Every ten years we count how many people live in our country. Then we draw lines that are intended to ensure that citizens are fairly represented in the House of Representatives. Simply put, if you're one person, you should get one vote. No more, no less.
But here's the rub. Those lines can also help political parties increase their power. The party in charge of drawing district lines can, and often does, try to draw members of the opposing party right out of their districts. Is there one, very strongly Democratic district? Why not split it into two and see if you can get a Republican in there? Partisan wrangling seems to be an ever-present facet of the redistricting process.

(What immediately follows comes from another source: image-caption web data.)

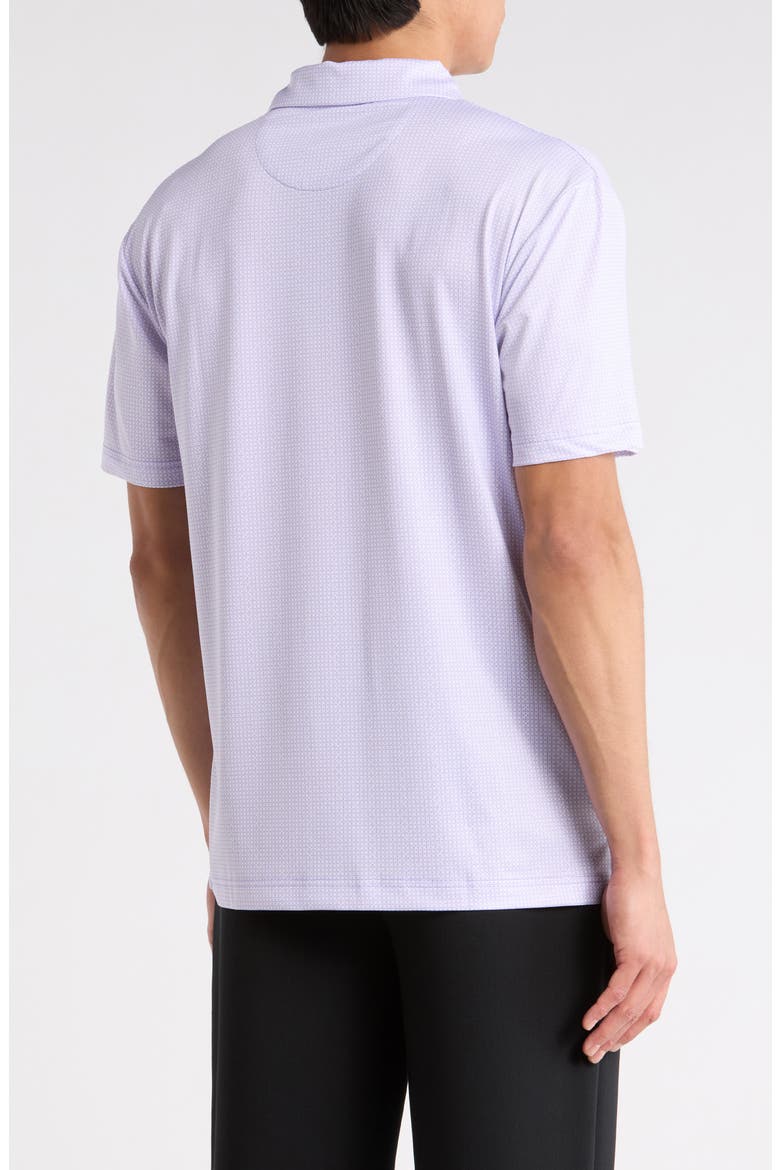 Foulard Geometric Golf Polo, Alternate, color, SAND VERBANA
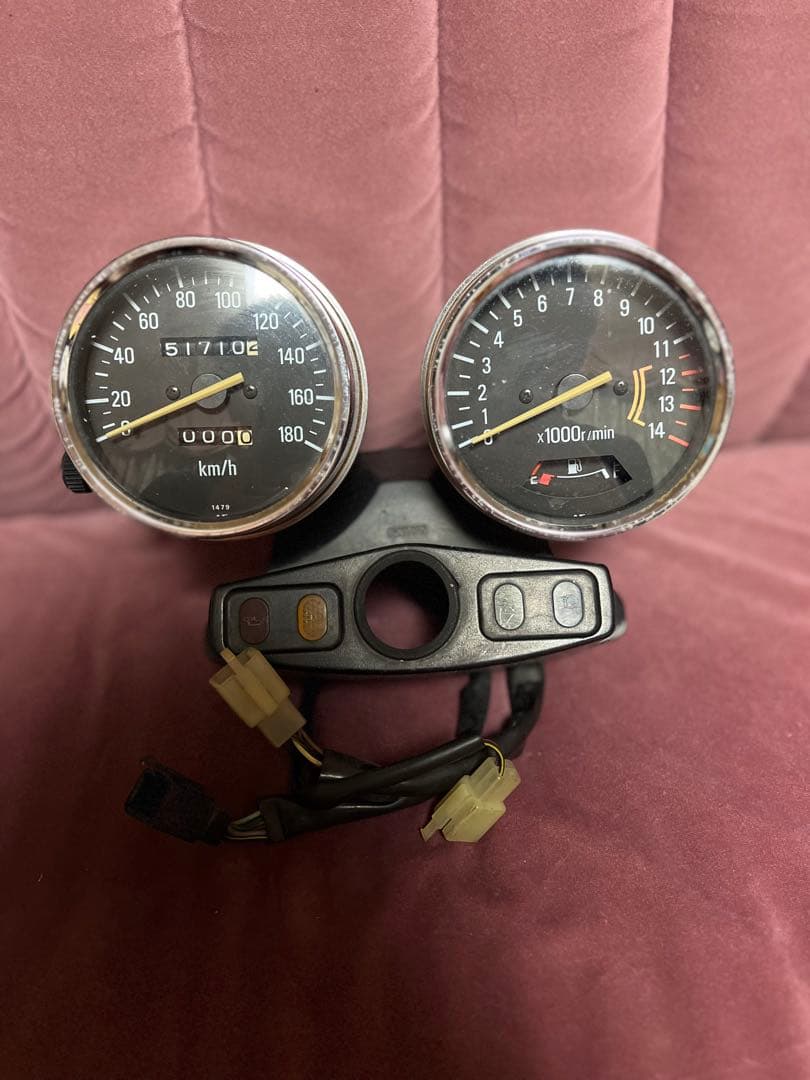 ゼファー400 純正メーター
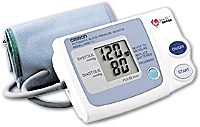 Omron 73HEM711AC IntelliSense Automatic Blood Pressure Monitor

In so-called "swing states" like Michigan, Ohio and Pennsylvania, redistricting could make a big difference. Those three states have two things in common. First, due to changes in population they will loose representatives. Second, Republicans control the state government, and hence the redistricting process.
Is there any recourse for the party that is not in power?
Why yes. The 1965 Voting Rights Act. To give a terribly general explanation of this federal law, it says, in sum, that the states should not obstruct minority voting rights by doing things like drawing congressional district which split up "majority-minority" districts.
For instance, the lines drawn in Detroit, Cleveland and many parts of Texas could not only help to solidify Republican power, but could also erase some minority districts. For this reason, those drawing the lines must tread lightly in order to avoid drawing impermissible lines. As a side note, based on redistricting in Cleveland we may soon be throwing a farewell party to Congressmen, and sometimes Presidential candidate, Dennis Kucinich.
Many eyes will be on Texas, where the state picked up four representatives in large part because of population growth in Hispanic communities. Democrats contend that the areas of growth typically support Democrats, while, predictably, Republicans claim just the opposite. Republicans, in control of the redistricting process, could likely draw districts that strengthen their own hold in the Lone Star State. It is well worth noting, however, that Texas is one of more than a dozen states that under the Voting Rights Act must get the stamp of approval from the (now Democratically controlled) Justice Department before their districts are drawn.
History could indicate that President Obama's justice department may wish to steer clear of this bloody war, but as they say, only time (and line drawing) will tell.